We went to the seaside and sat on the shore, watching the sun set over the Arabian Sea. Tiny, transparent crabs darted here and there, scuttling into their holes at the slightest move. Moribund starfish littered the beach. Lots of people were taking the air - families, groups of young men. A few actually went into the water, but not very far. Then a group of young lads - between 17 and 22 - approached us. They addressed not Uwe, who was meditating in his white dhoti, nor my cousin, but the young chap travelling with us, whose dark beard and long hair gave him a conventional Christ-like look, and asked about the lectures on Transcendental Meditation which had been advertised.

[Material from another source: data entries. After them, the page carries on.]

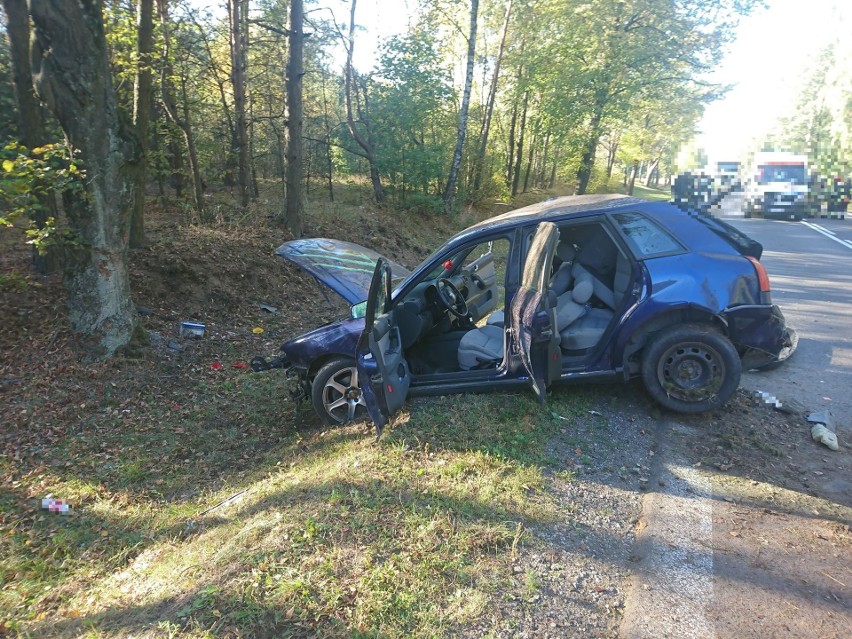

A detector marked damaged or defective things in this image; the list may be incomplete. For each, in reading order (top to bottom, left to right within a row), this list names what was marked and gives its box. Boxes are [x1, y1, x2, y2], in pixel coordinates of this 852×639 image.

wrecked blue car [270, 195, 796, 432]
crumpled front bumper [724, 304, 800, 370]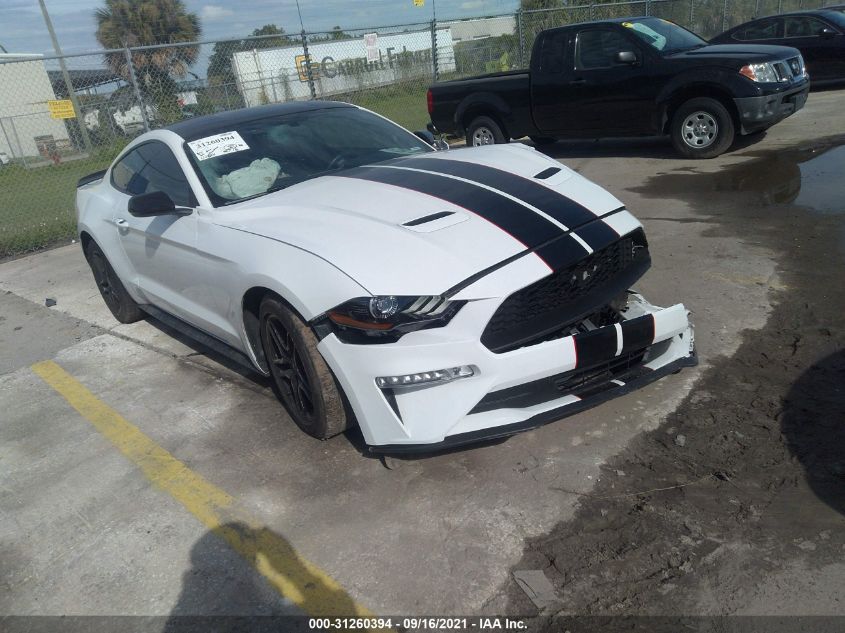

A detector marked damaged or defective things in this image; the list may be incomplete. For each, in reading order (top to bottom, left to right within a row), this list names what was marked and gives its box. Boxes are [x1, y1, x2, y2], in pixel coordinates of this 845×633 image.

damaged front bumper [320, 292, 696, 450]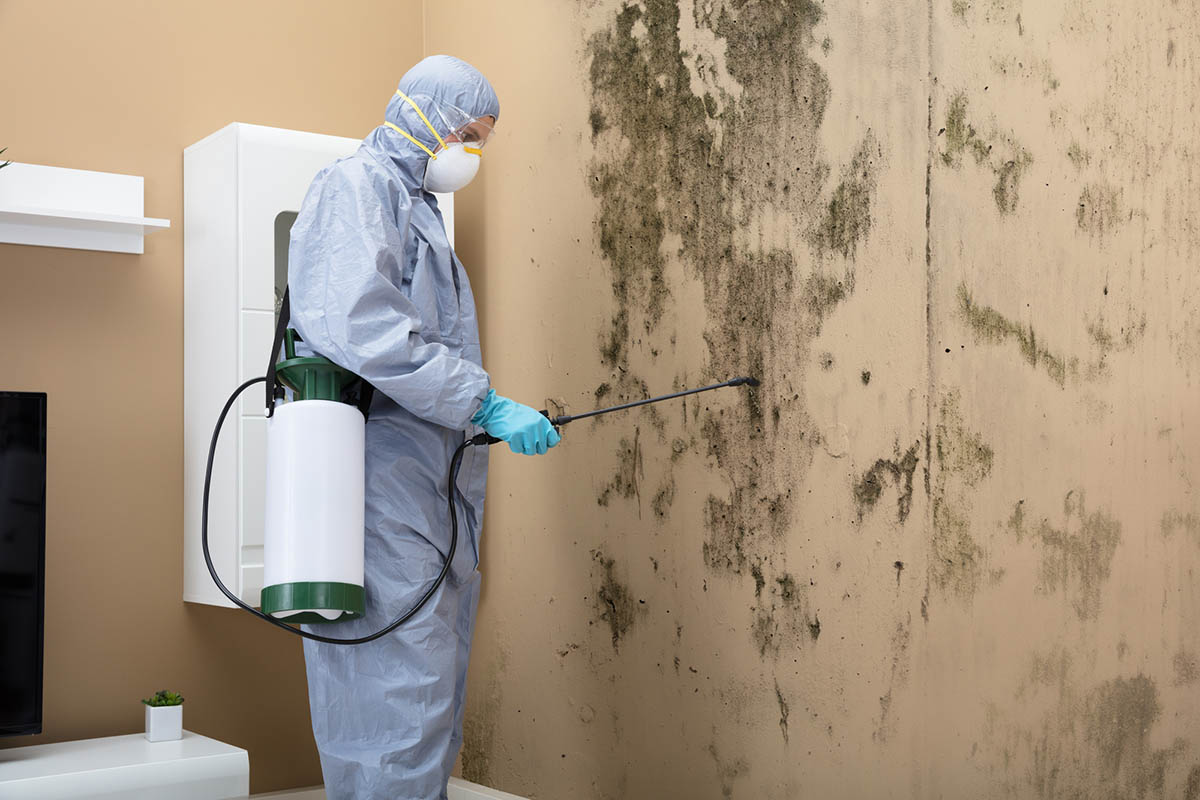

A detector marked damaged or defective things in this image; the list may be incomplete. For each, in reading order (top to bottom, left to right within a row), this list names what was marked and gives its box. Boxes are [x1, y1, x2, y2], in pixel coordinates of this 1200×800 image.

peeling plaster wall [429, 1, 1200, 800]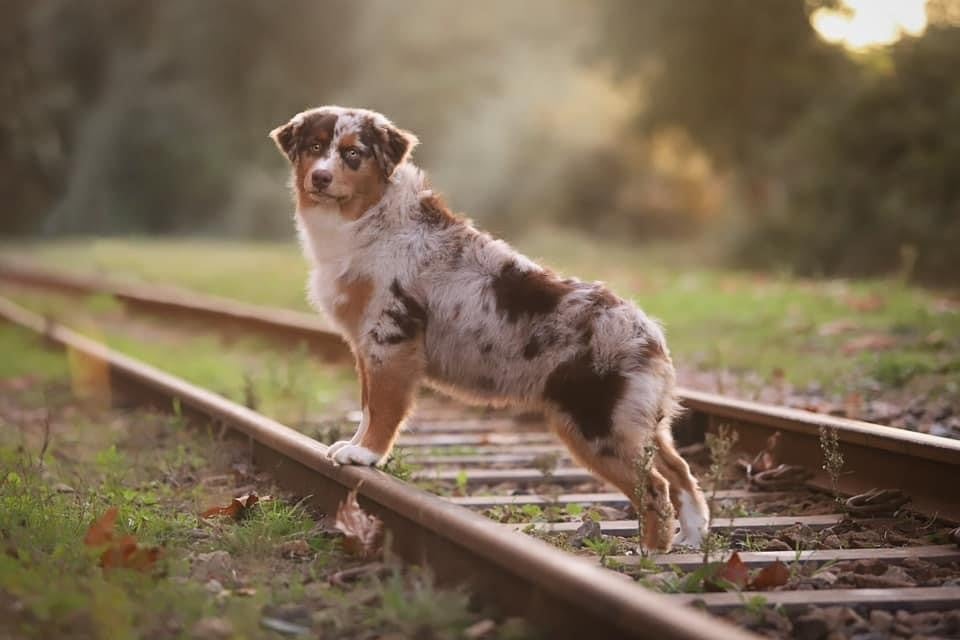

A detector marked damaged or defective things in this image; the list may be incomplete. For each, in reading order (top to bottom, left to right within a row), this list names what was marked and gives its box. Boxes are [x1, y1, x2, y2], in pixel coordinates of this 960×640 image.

rusty railroad track [1, 262, 960, 636]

Watching the calm Arabian Sea turning to molten gold in the sunset, I wondered if this was where the people of the village of Titlipur - in Rushdie’s “Satanic Verses” - began to march across the sea to Mecca.
***
Early the following morning we left Udupi for Mangalore, and from there flew to Chennai, aka Madras. (India is busily changing a lot of place-names: Mumbai instead of Bombay, Kochi for Cochin, Kolkata for Calcutta, Tiruvananthapuram for Trivandrum, etc.) Thanks to a technical glitch which delayed us, Indian Airlines permitted us to fly first east to Madras and then to turn back west - zigzagging is not normally allowed in this system of pre-paid flights.

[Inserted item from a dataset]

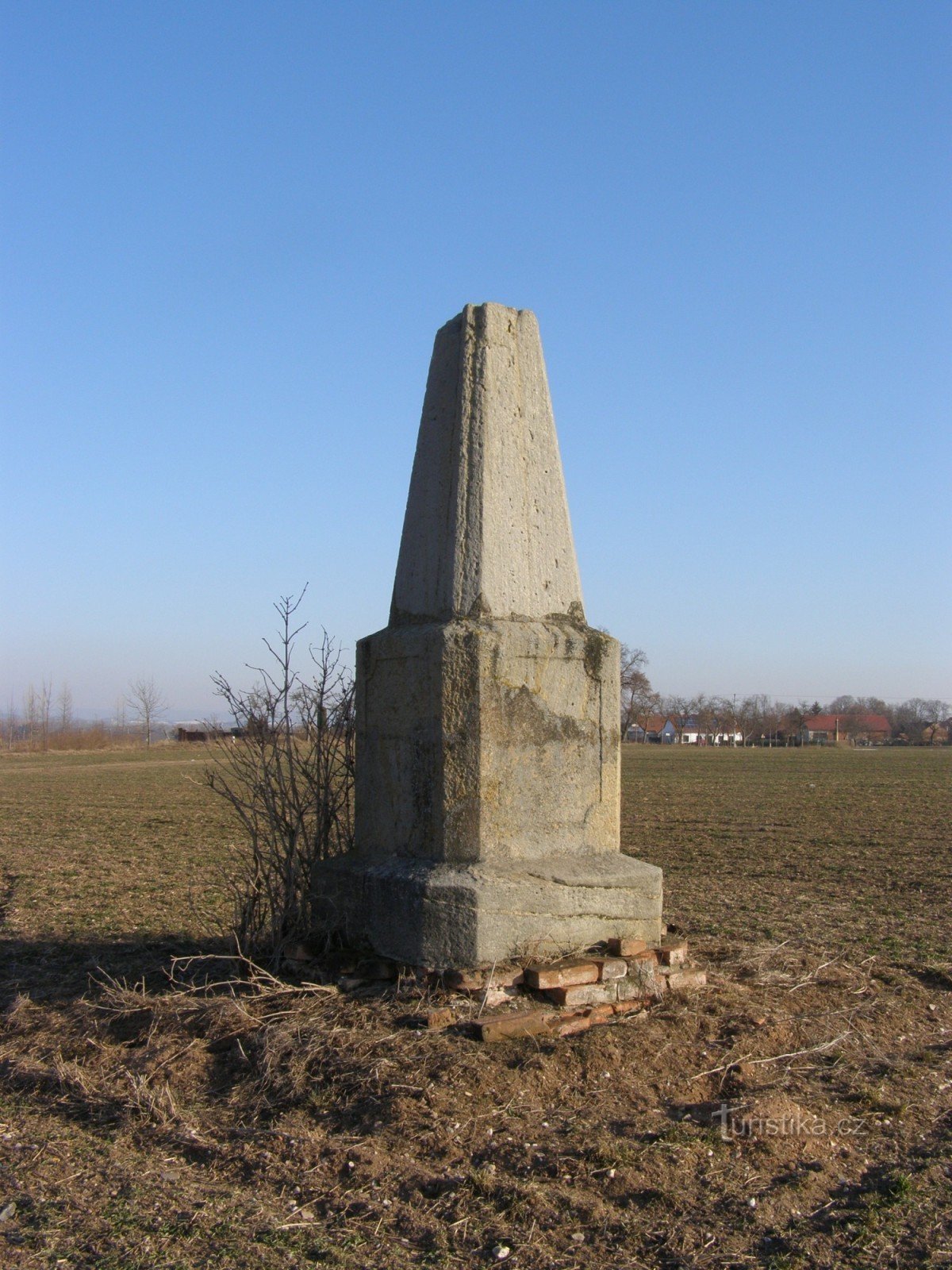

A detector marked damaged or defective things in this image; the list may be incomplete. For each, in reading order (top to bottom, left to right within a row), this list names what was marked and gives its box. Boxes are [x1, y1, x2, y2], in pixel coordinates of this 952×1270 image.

The contrast between Udupi and Madras was almost shocking. The latter is the capital of the huge state of Tamil Nadu, and a vast, bustling, businesslike metropolis. In some ways it appears more Westernized than Delhi - more street-signs and hoardings in English, and a Western kind of briskness and busyness in the streets. But of course there were also the shabby, impoverished alleys and people sleeping on the pavements.

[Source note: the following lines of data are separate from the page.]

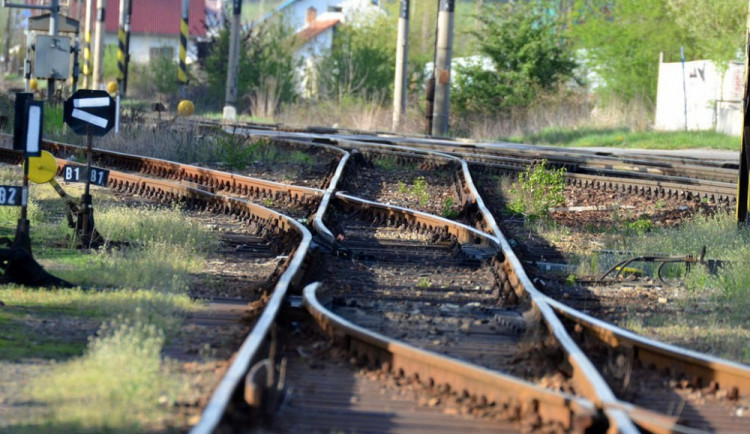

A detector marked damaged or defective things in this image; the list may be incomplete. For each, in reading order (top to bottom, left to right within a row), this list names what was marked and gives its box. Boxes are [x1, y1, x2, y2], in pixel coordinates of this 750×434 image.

rusty steel rail [302, 282, 604, 430]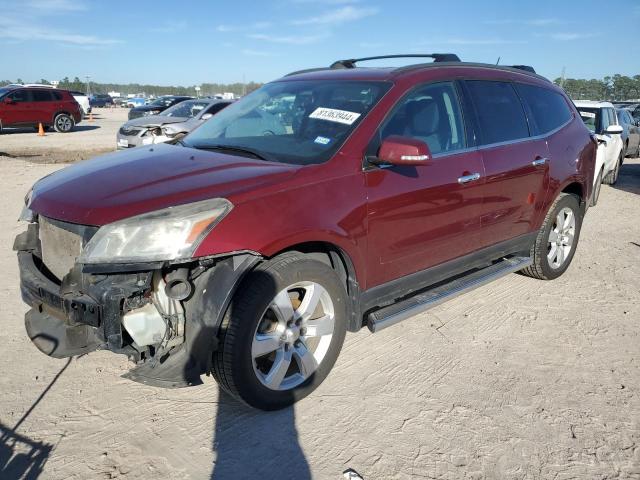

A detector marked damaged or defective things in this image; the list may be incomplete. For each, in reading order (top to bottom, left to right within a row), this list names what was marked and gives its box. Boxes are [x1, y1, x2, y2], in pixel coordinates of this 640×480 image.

damaged front end [13, 202, 258, 386]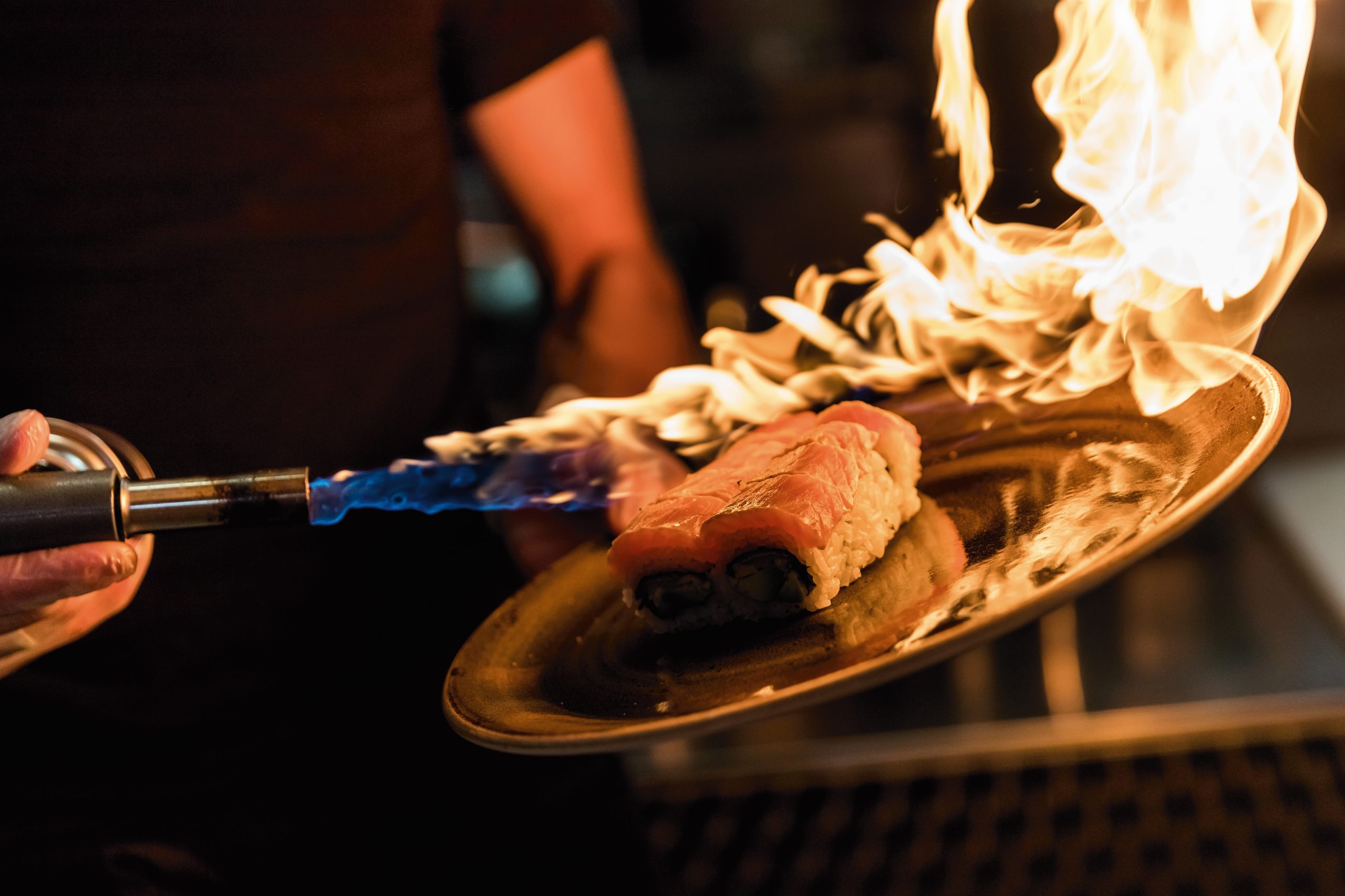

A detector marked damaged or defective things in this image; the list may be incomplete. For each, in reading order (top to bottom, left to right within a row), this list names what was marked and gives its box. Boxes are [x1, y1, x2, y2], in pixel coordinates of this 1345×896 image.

charred spot on plate [637, 567, 715, 619]
charred spot on plate [726, 543, 807, 600]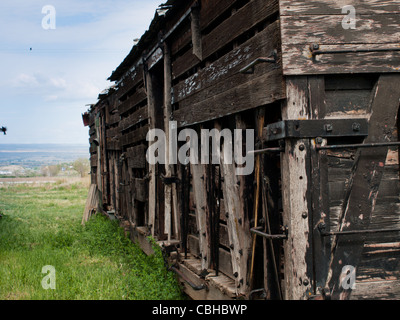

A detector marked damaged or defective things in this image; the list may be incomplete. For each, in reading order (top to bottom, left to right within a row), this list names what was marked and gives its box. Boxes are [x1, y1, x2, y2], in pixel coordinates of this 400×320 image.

rusty metal bracket [241, 50, 278, 74]
rusty metal bracket [262, 119, 368, 141]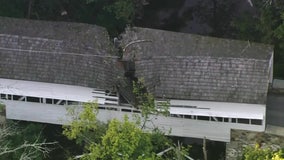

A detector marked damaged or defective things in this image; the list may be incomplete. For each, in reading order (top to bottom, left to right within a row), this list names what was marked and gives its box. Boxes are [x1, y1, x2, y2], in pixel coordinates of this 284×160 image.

damaged roof [0, 17, 118, 90]
damaged roof [121, 27, 274, 105]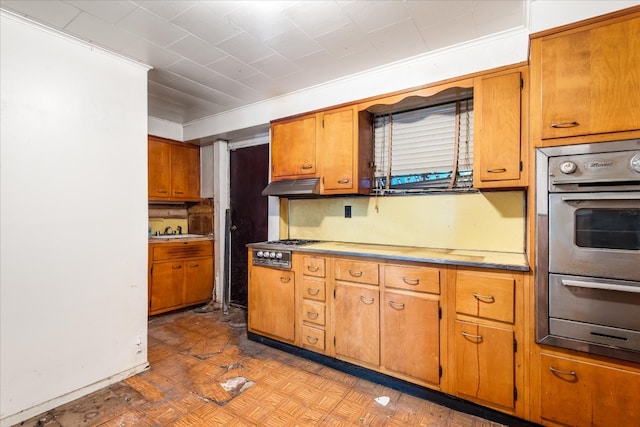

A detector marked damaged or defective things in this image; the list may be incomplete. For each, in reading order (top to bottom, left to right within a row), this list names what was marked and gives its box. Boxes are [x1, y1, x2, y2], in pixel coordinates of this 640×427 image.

damaged parquet flooring [18, 310, 504, 426]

Here I had my first exposure to the purely sensuous delights that India can offer, in a shop devoted to the finest fabrics made in this country. “Nalli’s” is huge and overpowering. The senses begin to reel after a while from the onslaught of colours and textures. It’s an Ali Baba’s cave of the most amazing, sumptuous silks. For someone like me, with a passion for colours, “Nalli’s” Madras shop is heaven. If I’d had a million dollars to spend and enough time to browse, I’d probably have gone mad. There is an Indian genius for colours and textures. Even in the very ordinary, middle-class restaurants where we often ate, the women’s dresses - whether sarees or salwar-kamiz - were more gorgeous than the outfits seen in the most expensive establishments in Paris, Milan or New York. But Madras also has very Western shopping malls with supermarkets, and a huge, old-established bookstore, “Higginbotham”, where the number and variety of people browsing in the religious section was very remarkable.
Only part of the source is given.